Below is a block of entries, which should be copied verbatim apart from the pictures.

[Excerpts from a dataset]
((

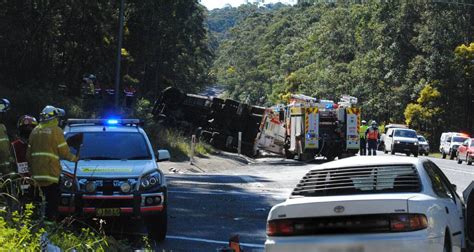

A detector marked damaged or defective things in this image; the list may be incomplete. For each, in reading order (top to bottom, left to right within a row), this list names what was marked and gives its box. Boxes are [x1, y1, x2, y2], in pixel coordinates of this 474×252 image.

overturned truck [152, 87, 264, 157]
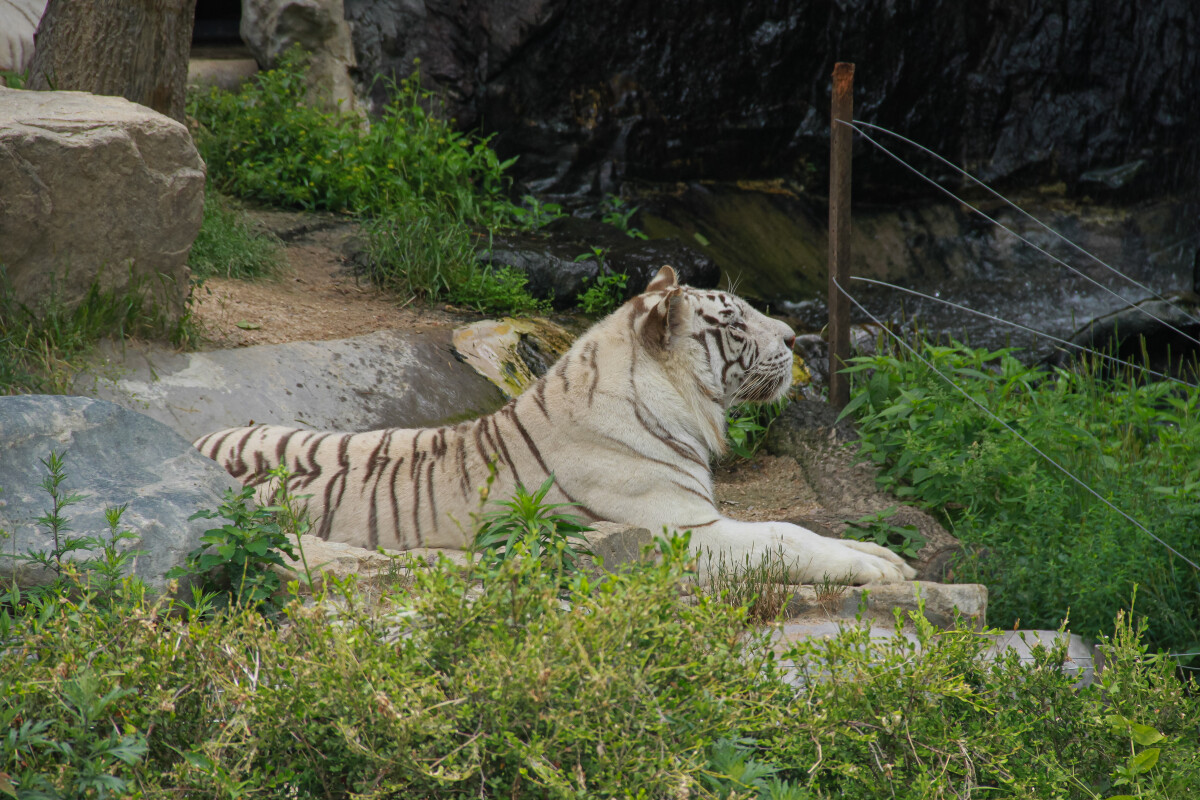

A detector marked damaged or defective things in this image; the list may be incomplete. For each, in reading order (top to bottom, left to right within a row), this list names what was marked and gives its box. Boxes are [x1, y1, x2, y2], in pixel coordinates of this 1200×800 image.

rusty metal pole [824, 61, 852, 410]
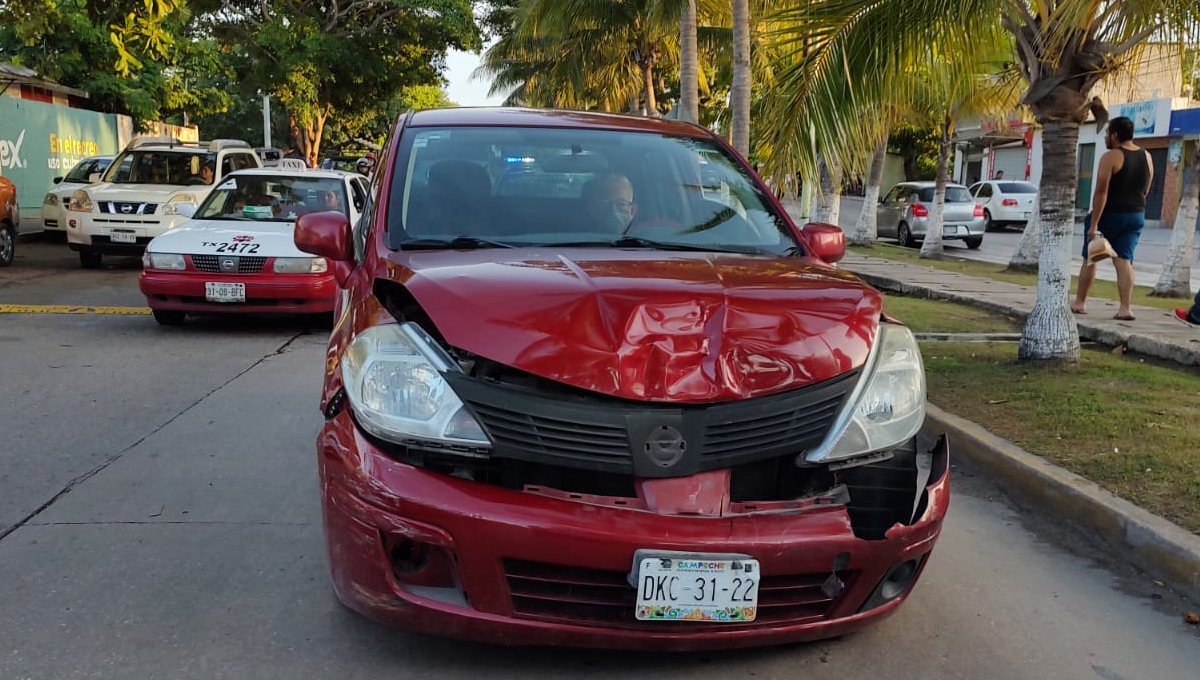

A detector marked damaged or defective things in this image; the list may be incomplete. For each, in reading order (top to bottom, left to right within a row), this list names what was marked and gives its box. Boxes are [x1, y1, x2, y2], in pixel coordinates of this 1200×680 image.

cracked headlight [340, 322, 490, 446]
damaged red nissan [296, 106, 952, 648]
crumpled hood [392, 250, 880, 404]
cracked headlight [808, 322, 928, 462]
broken front bumper [316, 412, 948, 652]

))

> _Task output_
A detector marked damaged or defective things in this image; the list may be incomplete. For each, in reading order (top to bottom, left to right within a row), this list names what was marked and gives its box. Boxes are [x1, y1, x2, y2], in pixel coordinates of this 474×252 image.

overturned truck [152, 87, 264, 157]

A detector marked damaged or defective things in this image; the list may be incomplete. For each, in reading order (top to bottom, left to right within a row), this list names what was marked and gives its box. Boxes are [x1, y1, x2, y2], in pixel coordinates of this 1200×800 image.

rusty metal pole [824, 61, 852, 410]

A detector marked damaged or defective things in this image; the list may be incomplete. For each, in reading order (top to bottom, left to right within a row), this list names what was marked and gives its box. Boxes are [x1, y1, x2, y2], in pixel coordinates of this 1200×680 image.

cracked headlight [340, 322, 490, 446]
damaged red nissan [296, 106, 952, 648]
crumpled hood [392, 250, 880, 404]
cracked headlight [808, 322, 928, 462]
broken front bumper [316, 412, 948, 652]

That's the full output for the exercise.